Drop all pictures and repeat exactly the lines from the line holding "Eh Suites Rome" through the end of the records.

START DATA SECTION

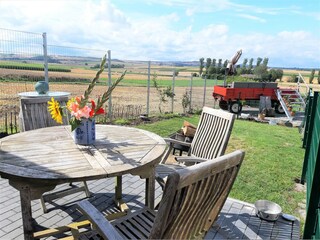 Garten hinter dem Scheunen-Tor mit Panorama-Pavillon.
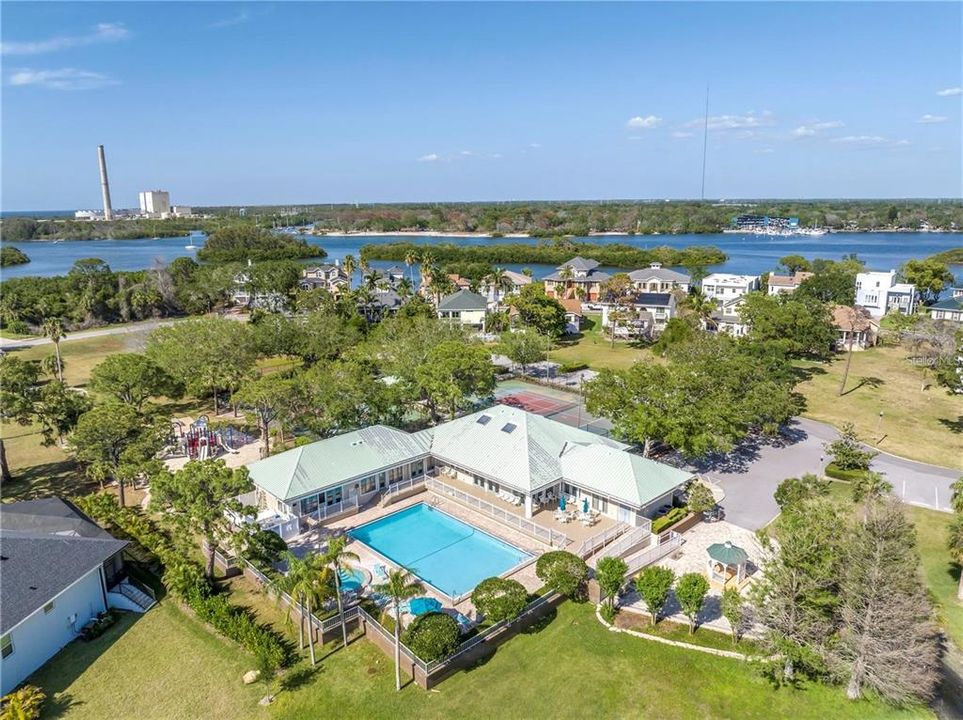 For Sale: $1,299,000 (4 beds, 4 baths, 3588 Square Feet)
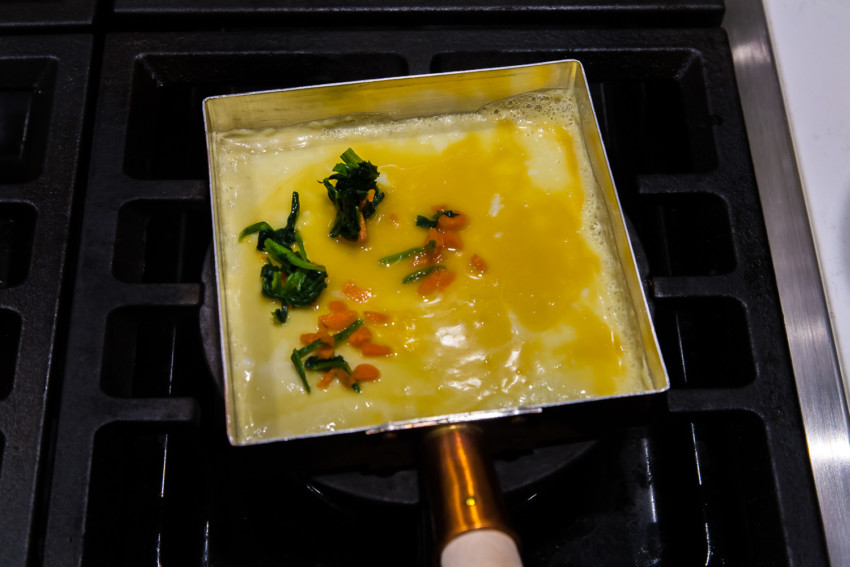 Tamago Yaki with Spinach and Carrots - Preparation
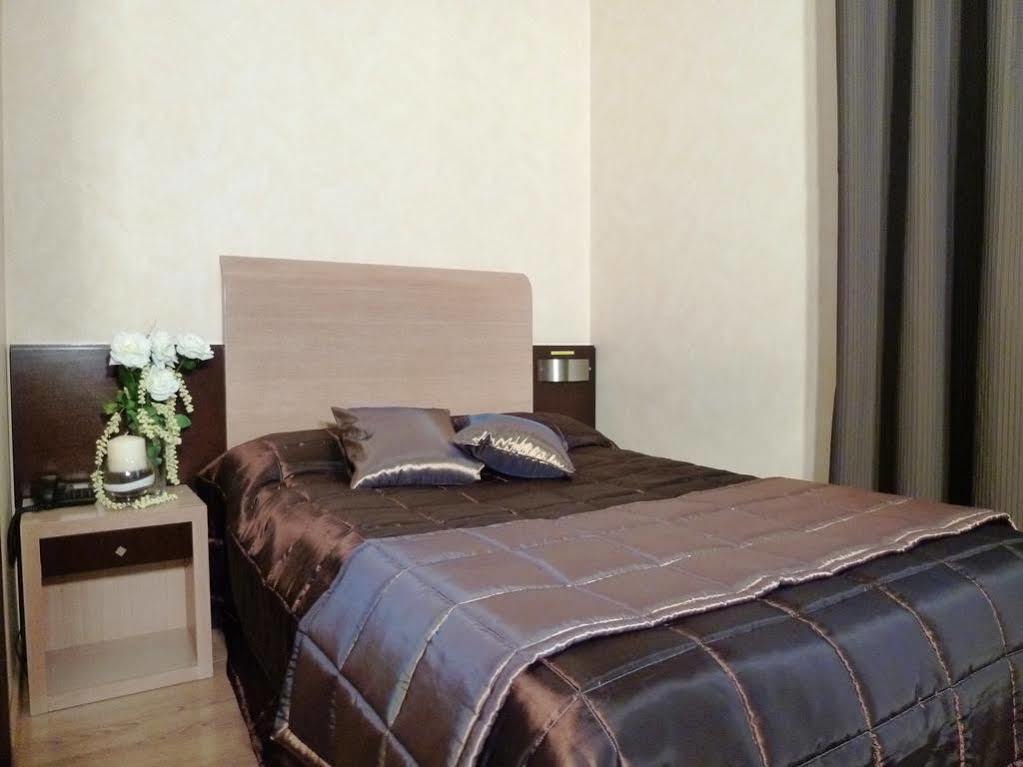 Eh Suites Rome Airport Euro House Hotels Fiumicino Kültér fotó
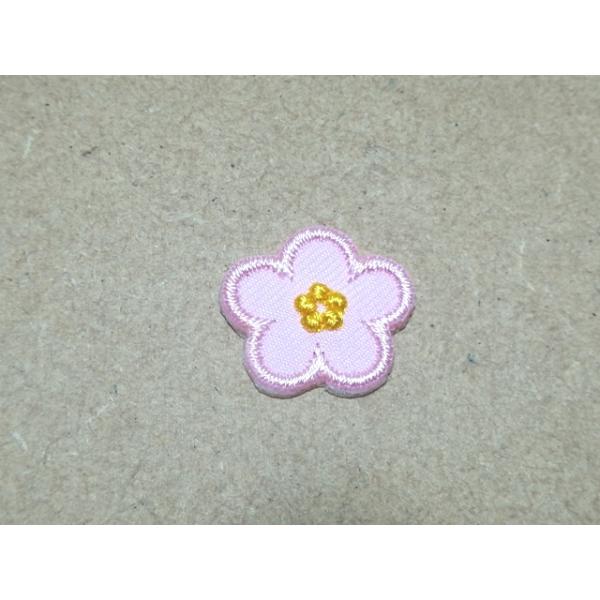 縁取り刺繍梅の花ワッペン/ライトピンク・桜色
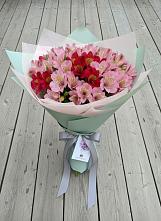 Букет цветов из:  Альстромерии в Княжево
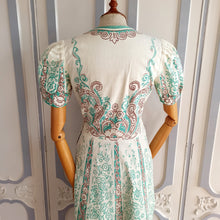 Load image into Gallery viewer, 1930s 1940s - Adorable Organic Puff Shoulders Dress - W29 (74cm)
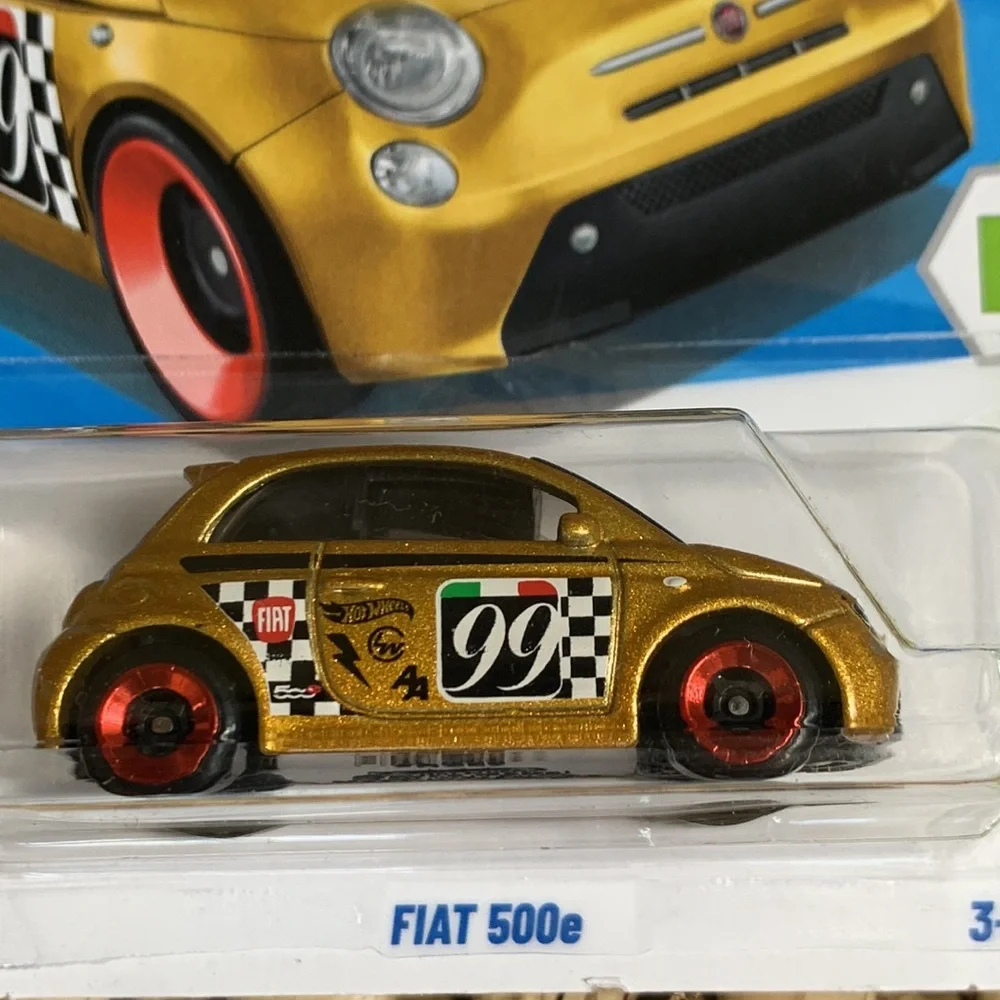 Gold Fiat 500e HW EV Golden Car Hot Wheels Hotwheels Electric Vehicle New 2025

END DATA SECTION

EXERCISE OUTPUT ->
 Eh Suites Rome Airport Euro House Hotels Fiumicino Kültér fotó
 縁取り刺繍梅の花ワッペン/ライトピンク・桜色
 Букет цветов из:  Альстромерии в Княжево
 Load image into Gallery viewer, 1930s 1940s - Adorable Organic Puff Shoulders Dress - W29 (74cm)
 Gold Fiat 500e HW EV Golden Car Hot Wheels Hotwheels Electric Vehicle New 2025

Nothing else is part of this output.